A newly-landed immigrant’s reflection: Monthsary
I’ll be collecting my Permanent Residency card later today. If not for my friend who visited me here yesterday at my place, I wouldn’t be prompted to phone the person whose address I nominated for the card delivery. Didn’t really expect it to arrive so soon, and it has somehow fast-tracked everything that I wish to do while I’m here in Vancouver.
I’m also celebrating my month-sary today. Just can’t imagine how I tried to make sense of what was happening within me and around me. Nothing special about how I managed living for a month. In fact, it’s really pathetic how I would stay in my room and only come out when it’s time for me to cook, eat, wash dishes, and laundry. I have the Internet, my Roger’s connection (Globe Int’l Roaming service partner), my Fido ($10 prepaid unlimited phone calls between 6:30pm and 8 a.m.) to connect with the outside world though, and I must say it isn’t enough.

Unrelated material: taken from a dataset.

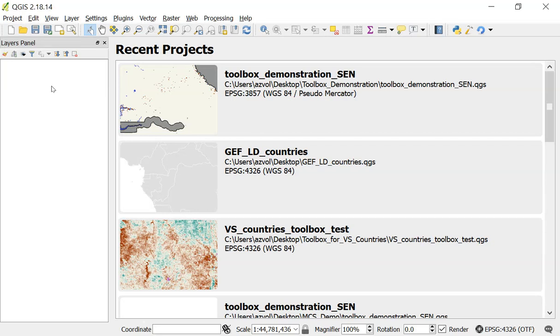In this video I'm going to show you how to install the Land Degradation Monitoring Project plugin. There's actually two different ways to install the plugin.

Today is celebration of a month of broken routine. Friday spells easy back in Manila. Weekends too. Now, I can only wonder why Friday lost it’s appeal to me.
My coming here to Vancouver has displaced me in some way, and to a certain extent has impacted on how I live my life at the moment. It’s this process of accepting new lifestyle is one thing that I have to yet to come into terms with.
No, there’s no culture shock for me. It is mind conditioning that I did during my first few months living alone in Manila, so shall be my strategy here. In Manila, there were moments when I was overcome by deep loneliness and sometimes gripped by despair. Candid realisations stream in my mind, unchallenged by reasoning—foreshadowing what is yet to come. I dissuaded these sad feelings and confronted it as a feeling that I could possibly encounter once severed from my family in the Philippines. From there, I decided how to deal with it and somehow learned the ropes of immediate processing my emotions and thoughts. You see–it’s a form of self-preservation that vested me with self-confidence and self-respect. In my daily brush with reality, I keep my feet planted on what I think is best for me, despite the odds.
Having a PR card would mean a lot to me. It will buy me mobility, opportunity, freedom, potentiality. I need to head off now, see you in a bit.